御舘館跡
<石川県指定史跡>


御舘館跡鳥瞰図
↑御舘館跡鳥瞰図(広報『宝達志水』35号,2008年より<転載不可>

読み仮名 おたちやかたあと
別名  
所在地 羽咋郡宝達志水町
形式 平城
築城者 不明
築城年 14世紀
遺構 土塁、郭、空堀
歴代城主
交通 能登有料道路今浜ICから車で20分ほど
JR七尾線・免田駅か宝達駅から車で10分ほど
  
 御舘館は、発掘調査によると4つの郭と二重の堀をもち、その館の範囲は東西300mで南北に200mに及ぶ非常に規模の大きい館である。
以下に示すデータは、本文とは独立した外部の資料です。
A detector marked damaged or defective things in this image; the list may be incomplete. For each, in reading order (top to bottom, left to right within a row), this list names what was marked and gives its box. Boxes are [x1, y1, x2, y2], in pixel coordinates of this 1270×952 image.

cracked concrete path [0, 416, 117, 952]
発掘調査が主郭と堀・土塁で行われ、掘立柱建物、柵列、井戸、焼土坑などが確認された。また、出土した土師器皿(かわらけ)から考えると、館の成立年代は14世紀後半と見られ、館が使われた時代は成立〜15世紀前半までの一次期と、15世紀中頃に再建され幾度かの改修を経て巨大な館が造られた16世紀第3四半期(1550年〜1575年)の二次期に分けられる。石川県内では平地に残された中世城館は珍しく、御舘館跡は貴重な遺構である。また、周辺の地名に「館跡に関する通称、小字名を観ると「ゴアン」「門館口」「若宮跡」「正伝」「堂後」「表町」「一丁目」「二丁目」「中二丁目」などの名が残り、周辺の「三日町」「紺屋町」等の集落についても関連性が注目されている。」(『石川県中世城館跡調査報告書T(加賀T・能登U)』石川県教育委員会,2002年より)など、館だけなく周辺に町も形成されていた(もしくは最初から町があった?)ようである。ちなみに「御舘」という名前の由来は、鎌倉時代前期の天皇である順徳天皇が佐渡に流刑になった時に、御舘の景色に愛しここに館を建てたという伝承元になったと言われている。
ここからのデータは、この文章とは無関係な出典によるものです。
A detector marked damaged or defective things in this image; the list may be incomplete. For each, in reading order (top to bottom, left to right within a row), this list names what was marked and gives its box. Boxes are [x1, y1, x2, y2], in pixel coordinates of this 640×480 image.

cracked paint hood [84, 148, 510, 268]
 このような大規模な居館にも関わらず、館主に関する確定的な文書や伝承がなく、未だ館主不明である。規模的な観点から、村落領主的クラスではなく、国人領主クラスの居館ではないかと言われている。
 館主については色々な考察がなされている。『能登志徴』(森田平次,1938年)では、御舘集落の隣にある紺屋町にあったとされる岡部六弥太忠澄の館(「武家毘目集」より)がこの御舘の館ではないかと推考している(郷土史家の高井勝己氏もこの説を推している)。『押水町史』では、御舘の宝達山の麓であり、杓田川と大坪川に挟まれた地だからこそ中世の商品流通経済に乗って台頭した小領主と推考している。『末森城等城館跡群 発掘調査報告書』(宝達志水町,2007年)では、「一方御舘館も、十六世紀の前半から再整備されてくる。再整備を行ったのは、この時期押水に拠点をおいていた畠山三兄弟であると考えられる。」と畠山義総に抵抗して加州と能州の境目にいたとされる畠山九郎らの存在を指摘している。筆者はさらに能登御入国の乱で、わざわざ坪山砦の攻略に言及していることから、義綱はこの御舘館を拠点としていたのではないかと考えてみた。
 いずれにしても館主については確定的なことは言えないが、地理的にみて宝達山の麓であり、克2つの川に挟まれており、さらに能登加賀の国境(に近い)という流通に適した地であること。また、発掘調査により館の成立年である14世紀頃から存在し、館の規模が大きくなったのは16世紀後半であるという考古学的見地を加えて、今一度館主について推察してみる必要があるだろう。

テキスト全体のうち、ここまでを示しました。